The corresponding HSI data of each patient were recorded. In total, 124 records were prepared, and 101 measurements were made on the viable flap areas. Moreover, 19 free flap datasets with venous congestion were analyzed. The average StO2 was 44.5 ± 15.2% [3–80], NIR, 41.0 ± 11% [7–72], THI, 27.2 ± 20.1% [0–93], and TWI, 50.5 ± 8.4% [34–74] for viable flaps on the first day (Figure 2(a–d)). Free flaps with impaired perfusion in the form of venous congestion were characterized by decreased StO2 (35.5%), NIR (26.3%), and TWI (47,3%) and increased THI (approximately 64.3%) after 3 days. Student’s t-test was used to compare each parameter between the groups. No significant differences were observed for StO2 between viable free flaps and flaps with malperfusion caused by venous congestion at each time point. However, regarding NIR, THI, and TWI, statistically significant differences were observed.

Figure 2
Figure 2. StO2, THI, NIR, and TWI based on different perfusion status. a. Decreasing StO2 values of both groups. b. Reduced NIR indicating venous congestion, requiring major revisions. c. Increasing THI between venous congestion and viable free flaps. d. Increasing TWI between viable free flaps and venous congestion.

Subgroup t1: Within the first 24 h, case 31 developed venous congestion malperfusion during clinical and instrumental assessments. Operative revision was required. Intraoperatively, the venous anastomoses were thrombosed; therefore, the flap was directly removed. Further measurements could not be performed. Cases 20, 2, and 10 demonstrated a regular clinical appearance and were not revised. However, the HSI camera indicated early venous congestion. The clinical situation was rated as unremarkable. However, venous congestion further deteriorated in period t3 such that an operative revision was finally initiated, and the suspicion was confirmed intraoperatively as a thrombosed vein. The cases were rated as true positive.

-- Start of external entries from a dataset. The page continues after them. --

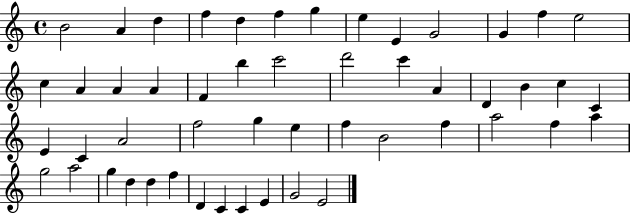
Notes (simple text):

B4/h A4/q D5/q F5/q D5/q F5/q G5/q E5/q E4/q G4/h G4/q F5/q E5/h C5/q A4/q A4/q A4/q F4/q B5/q C6/h D6/h C6/q A4/q D4/q B4/q C5/q C4/q E4/q C4/q A4/h F5/h G5/q E5/q F5/q B4/h F5/q A5/h F5/q A5/q G5/h A5/h G5/q D5/q D5/q F5/q D4/q C4/q C4/q E4/q G4/h E4/h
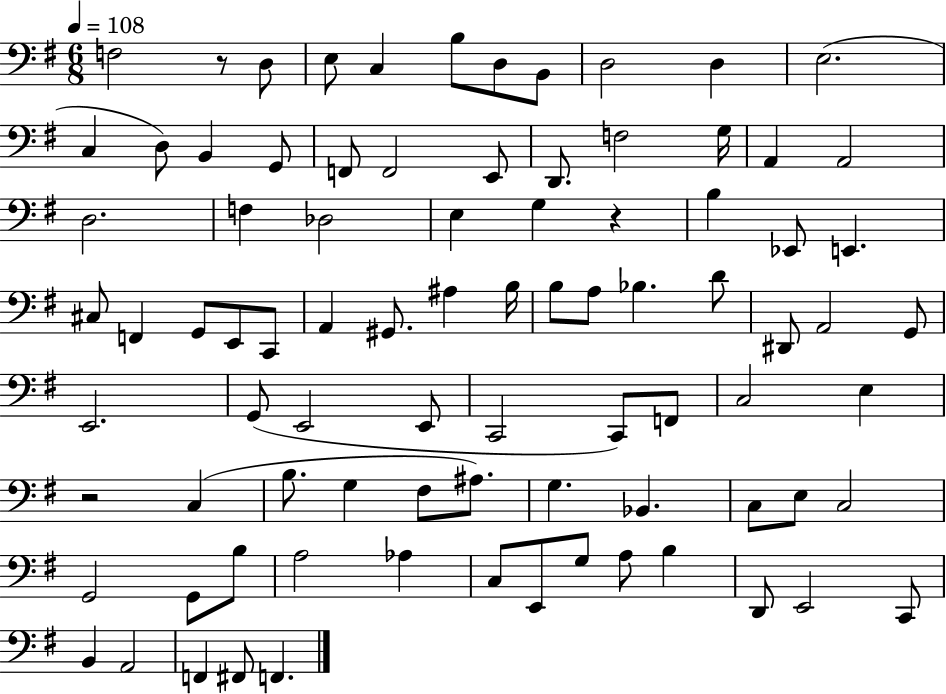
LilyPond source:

{
  \clef bass
  \numericTimeSignature
  \time 6/8
  \key g \major
  \tempo 4 = 108
  f2 r8 d8 | e8 c4 b8 d8 b,8 | d2 d4 | e2.( | \break c4 d8) b,4 g,8 | f,8 f,2 e,8 | d,8. f2 g16 | a,4 a,2 | \break d2. | f4 des2 | e4 g4 r4 | b4 ees,8 e,4. | \break cis8 f,4 g,8 e,8 c,8 | a,4 gis,8. ais4 b16 | b8 a8 bes4. d'8 | dis,8 a,2 g,8 | \break e,2. | g,8( e,2 e,8 | c,2 c,8) f,8 | c2 e4 | \break r2 c4( | b8. g4 fis8 ais8.) | g4. bes,4. | c8 e8 c2 | \break g,2 g,8 b8 | a2 aes4 | c8 e,8 g8 a8 b4 | d,8 e,2 c,8 | \break b,4 a,2 | f,4 fis,8 f,4. | \bar "|."
}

Cases 9 and 33 had clinically viable flaps. However, there was a discrepancy between clinical findings, indicating overall good flap perfusion, and HSI, suggesting venous congestion. Postoperative healing was uneventful, and a revision did not occur. The cases were marked as false positives. The HSI measurements showed a sensitivity of 57%, a specificity of 94%, a positive predictive value of 67%, and a negative predictive value of 91%. The clinical examination results, which can be viewed from the files, showed a sensitivity of 28%, a specificity of 100%, a positive predictive value of 100%, and a negative predictive value of 87% (Figure 3(a)).

Figure 3
Figure 3. A direct comparison between the diagnostical accuracy of HSI and clinical examination using a contingency table. a. Comparison between clinical examination and HSI for detecting flap malperfusion within 24 h. b. Comparison between clinical examination and HSI for detecting flap malperfusion between 24 and 48 h. c. Comparison between clinical examination and HSI for detecting flap malperfusion between 48 and 72 h. d. Summary and comparison of both monitoring modalities characterized by contingency tables within the first 72 h.

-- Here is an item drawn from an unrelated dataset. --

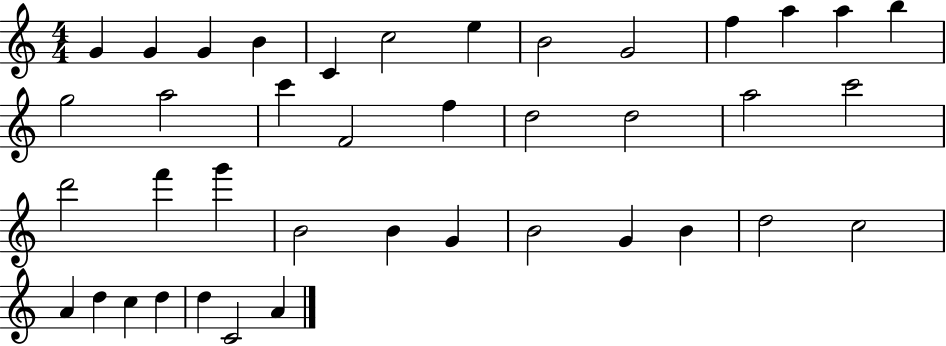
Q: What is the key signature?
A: C major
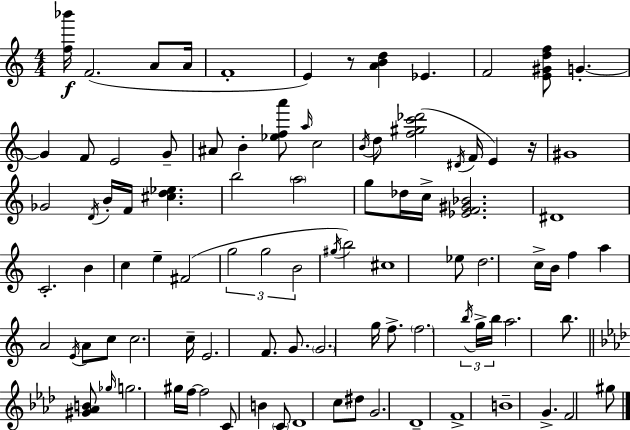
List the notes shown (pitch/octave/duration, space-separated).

[F5,Bb6]/s F4/h. A4/e A4/s F4/w E4/q R/e [A4,B4,D5]/q Eb4/q. F4/h [E4,G#4,D5,F5]/e G4/q. G4/q F4/e E4/h G4/e A#4/e B4/q [Eb5,F5,A6]/e A5/s C5/h B4/s D5/e [F5,G#5,C6,Db6]/h D#4/s F4/s E4/q R/s G#4/w Gb4/h D4/s B4/s F4/s [C#5,D5,Eb5]/q. B5/h A5/h G5/e Db5/s C5/s [Eb4,F4,G#4,Bb4]/h. D#4/w C4/h. B4/q C5/q E5/q F#4/h G5/h G5/h B4/h G#5/s B5/h C#5/w Eb5/e D5/h. C5/s B4/s F5/q A5/q A4/h E4/s A4/e C5/e C5/h. C5/s E4/h. F4/e. G4/e. G4/h. G5/s F5/e. F5/h. B5/s G5/s B5/s A5/h. B5/e. [G#4,Ab4,B4]/e Gb5/s G5/h. G#5/s F5/s F5/h C4/e B4/q C4/e Db4/w C5/e D#5/e G4/h. Db4/w F4/w B4/w G4/q. F4/h G#5/e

Subgroup t2: Between 24 and 48 h, cases 2 and 10 presented with further progressive venous congestion during clinical and instrumental assessments. In case 31, measurements could no longer be taken. Every case was marked as true positive. Case 33 was indicated for major revision based on HSI findings. However, there were no clinical data regarding the signs of malperfusion or necrosis. Therefore, case 33 was marked as false positive. In contrast, case 9 was no longer indicated for revision based on HSI findings after 24 h and was marked as true positive. In the second subgroup, HSI measurements showed a sensitivity of 50%, a specificity of 97%, a positive predictive value of 75%, and a negative predictive value of 91%. The clinical investigations showed a comparable sensitivity of 66%, a specificity of 100%, a positive predictive value of 100%, and a negative predictive value of 94% (Figure 3(b)).

Subgroup t3: Between 48 and 72 h after free-flap surgery, cases 4 and 26 had prolonged recapilarization caused by venous congestion. Clinical and hyperspectral data indicated and confirmed venous congestion caused by venous thrombosis between 48 and 72 h postoperation. The decision to discard the flap in both cases was validated with multiple thromboses. Both flaps required surgical debridement and either flap advancement or additional tissue reconstruction via a second free flap. Cases 2, 10, 20, and 41 presented with progressive necrosis of the whole flap caused by secondary venous thrombosis. HSI measurements demonstrated a sensitivity of 83%, a specificity of 97%, a positive predictive value of 83%, and a negative predictive value of 97% in the last subgroup, whereas the clinical examination of free flaps demonstrated a sensitivity of 100%, a specificity of 100%, a positive predictive value of 100%, and a negative predictive value of 100% (Figure 3(c)).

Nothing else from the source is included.